> [Task to carry out]:
Pictures should be omitted; restate word for word the lines from the one holding "Zdrowych, wesołych, radosnych, rodzinnych" through the last line of the entries below.

> [Provided information]:

● ● ●

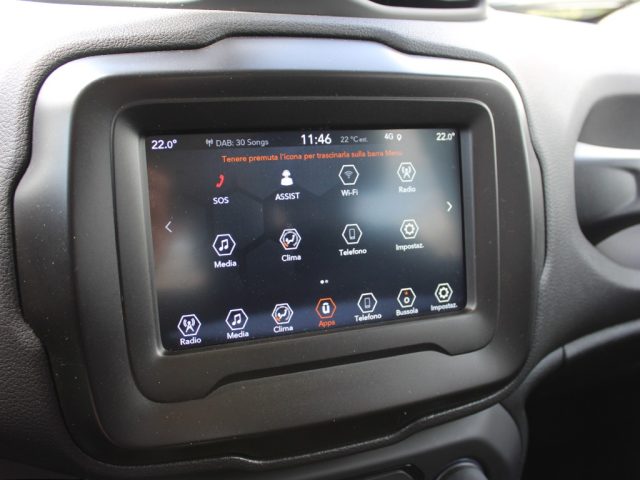 JEEP Renegade usata, con Luci diurne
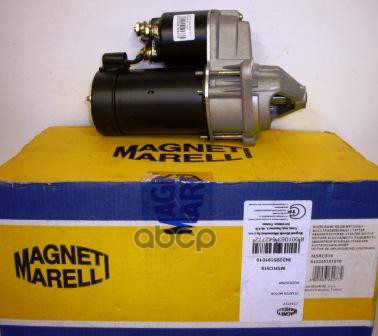 

Стартер Сhеvrоlеt Сruzе 2009- MAGNETI MARELLI 943205191010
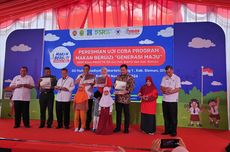 Uji Coba Makan Bergizi di Yogyakarta, Siswa Dapat Lauk Daging Sapi dan Susu Fortifikasi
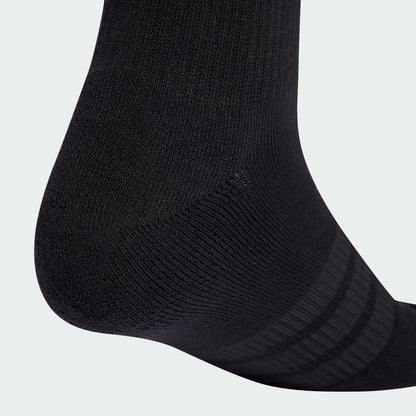 Calcetines Deportivos Clásicos Amortiguación Negros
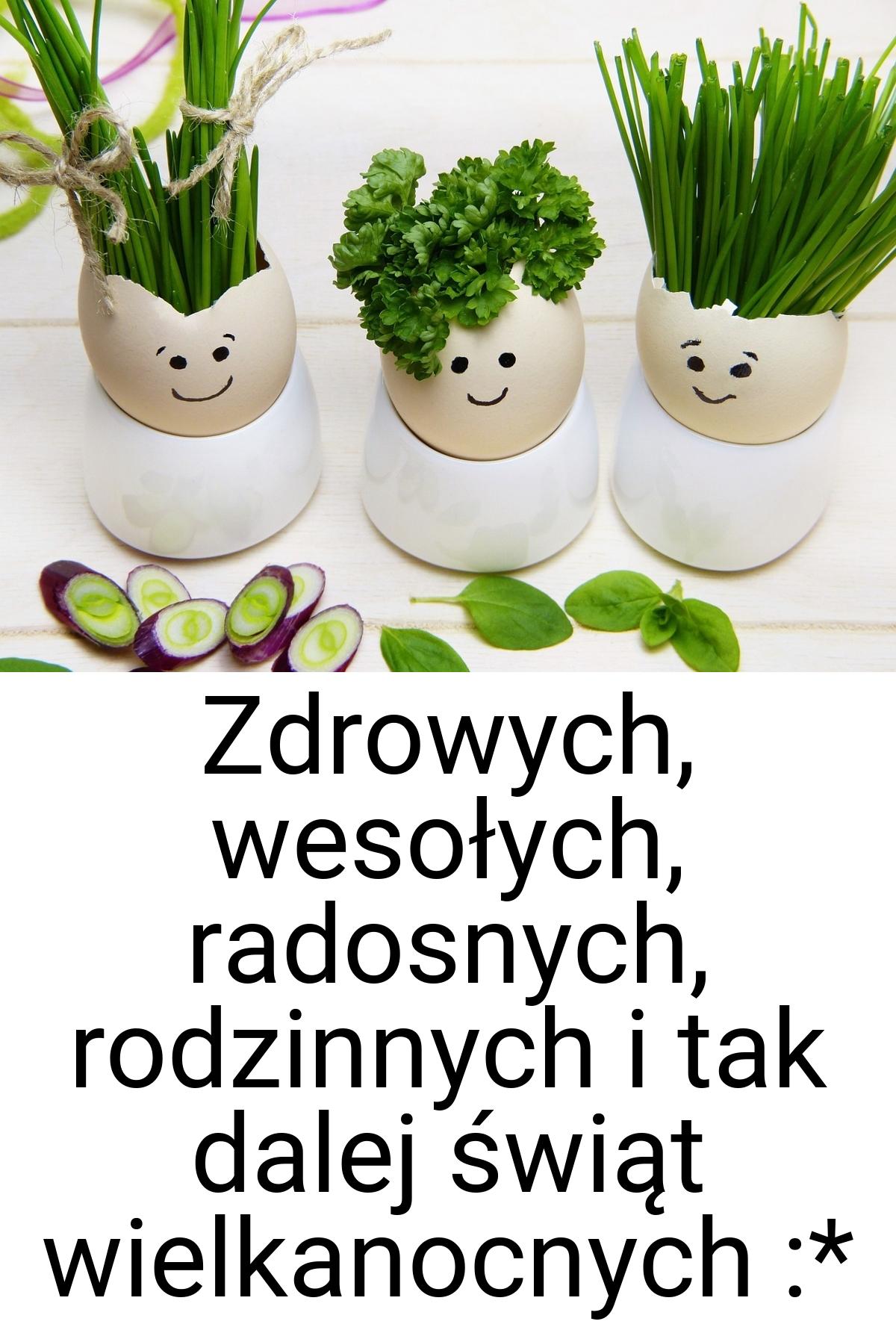 Zdrowych, wesołych, radosnych, rodzinnych i tak dalej świąt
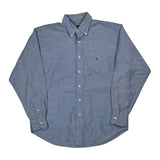 Age 8 Ralph Lauren Shirt - Medium Blue Cotton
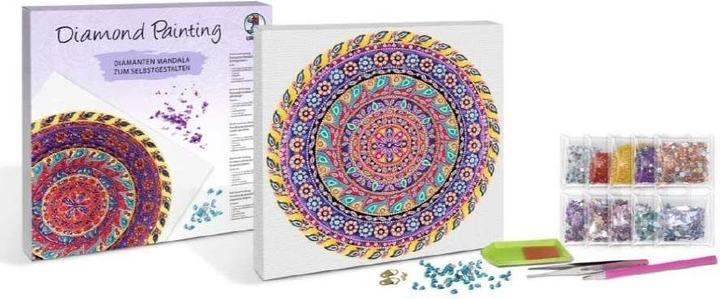 Ursus Diamant Schilderij Mandala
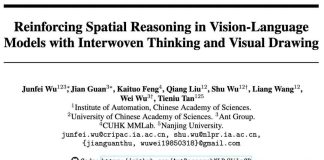 大模型掌握人类空间思考能力!三阶段训练框架学会“边画边想”,5个基准平均提升18.4%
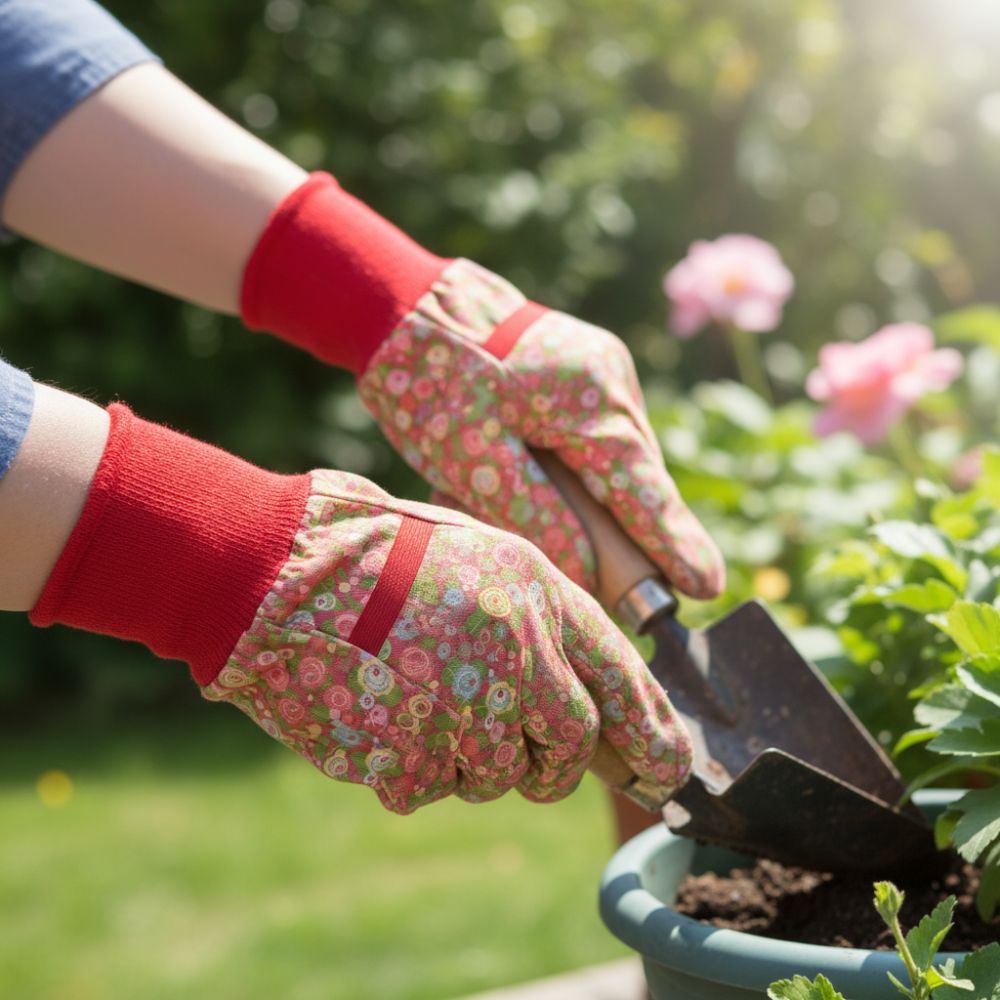 Useful Thorn Proof Gardening G - مراجعة Garden Gloves Thorn Proof وسعره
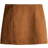 H&M Napped Mini Skirt - Light Brown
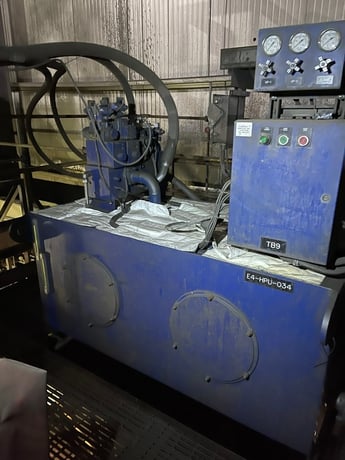 Metso #VPA, dual pressure filter press, includes all supporting equipment & structures - Image 6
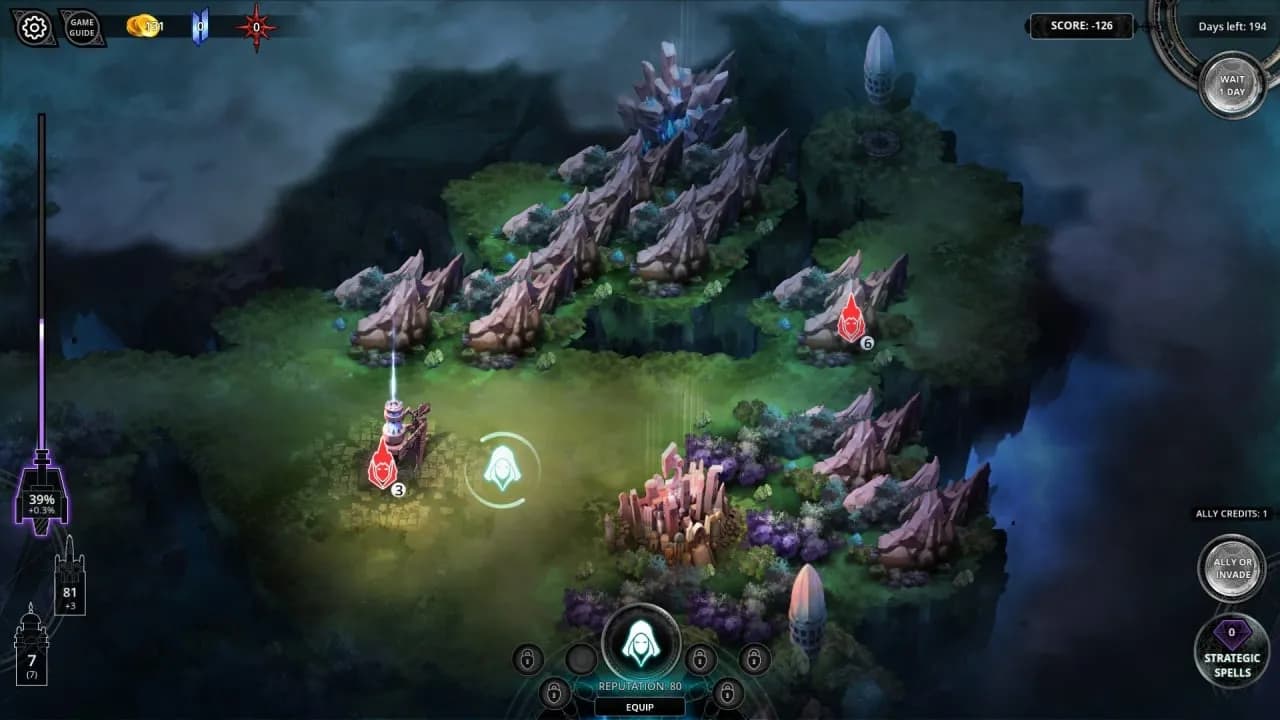 Chaos Reborn — скриншот 2
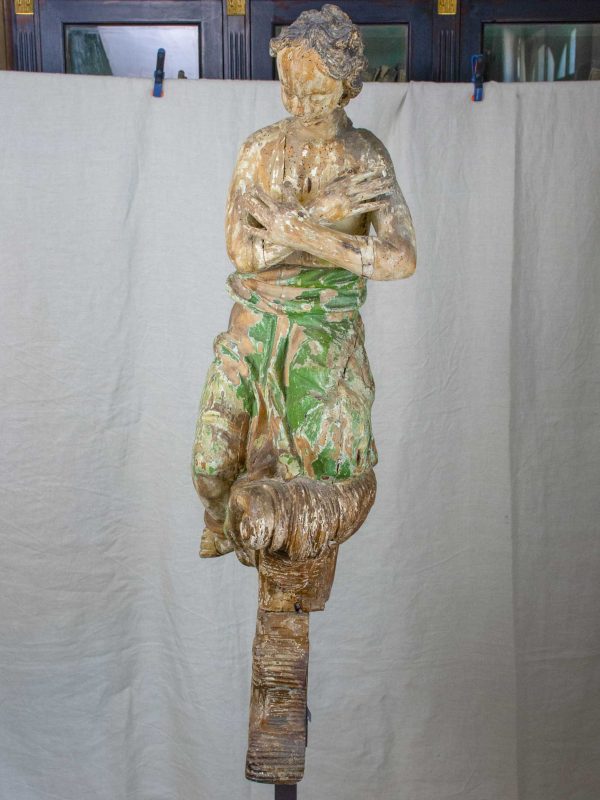 17th Century Bow statue - figure of a female Online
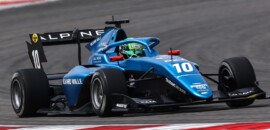 Caio Collet faz quase 950 km em testes de pré-temporada da FIA F3 no Bahrein e termina o dia com o quarto tempo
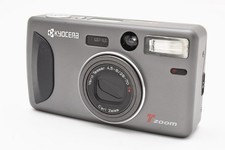 [Quasi come nuovo] Kyocera T Zoom Yashica T4 Point & Shoot Compact AF 35mm...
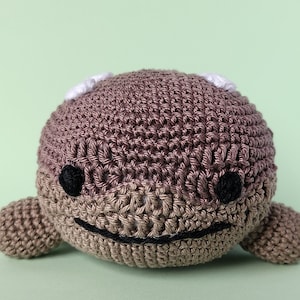 Muddy Boy Crochet Amigurumi Pattern image 5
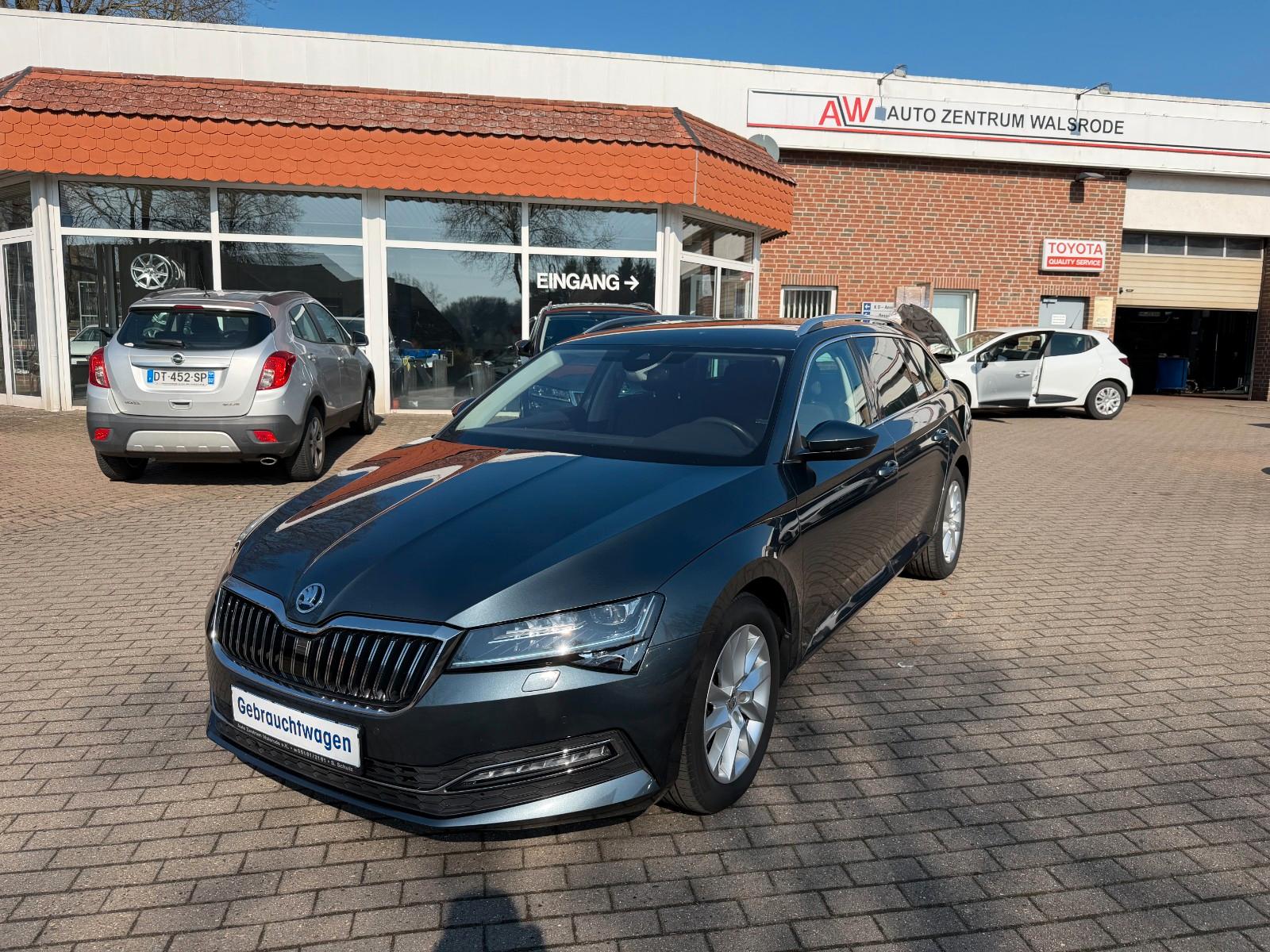 Skoda Superb Combi *LED*AHK*NAVI*CANTON*Insp NEU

● ● ●

> [Solution for this problem]:
 Zdrowych, wesołych, radosnych, rodzinnych i tak dalej świąt
 Age 8 Ralph Lauren Shirt - Medium Blue Cotton
 Ursus Diamant Schilderij Mandala
 大模型掌握人类空间思考能力!三阶段训练框架学会“边画边想”,5个基准平均提升18.4%
 Useful Thorn Proof Gardening G - مراجعة Garden Gloves Thorn Proof وسعره
 H&M Napped Mini Skirt - Light Brown
 Metso #VPA, dual pressure filter press, includes all supporting equipment & structures - Image 6
 Chaos Reborn — скриншот 2
 17th Century Bow statue - figure of a female Online
 Caio Collet faz quase 950 km em testes de pré-temporada da FIA F3 no Bahrein e termina o dia com o quarto tempo
 [Quasi come nuovo] Kyocera T Zoom Yashica T4 Point & Shoot Compact AF 35mm...
 Muddy Boy Crochet Amigurumi Pattern image 5
 Skoda Superb Combi *LED*AHK*NAVI*CANTON*Insp NEU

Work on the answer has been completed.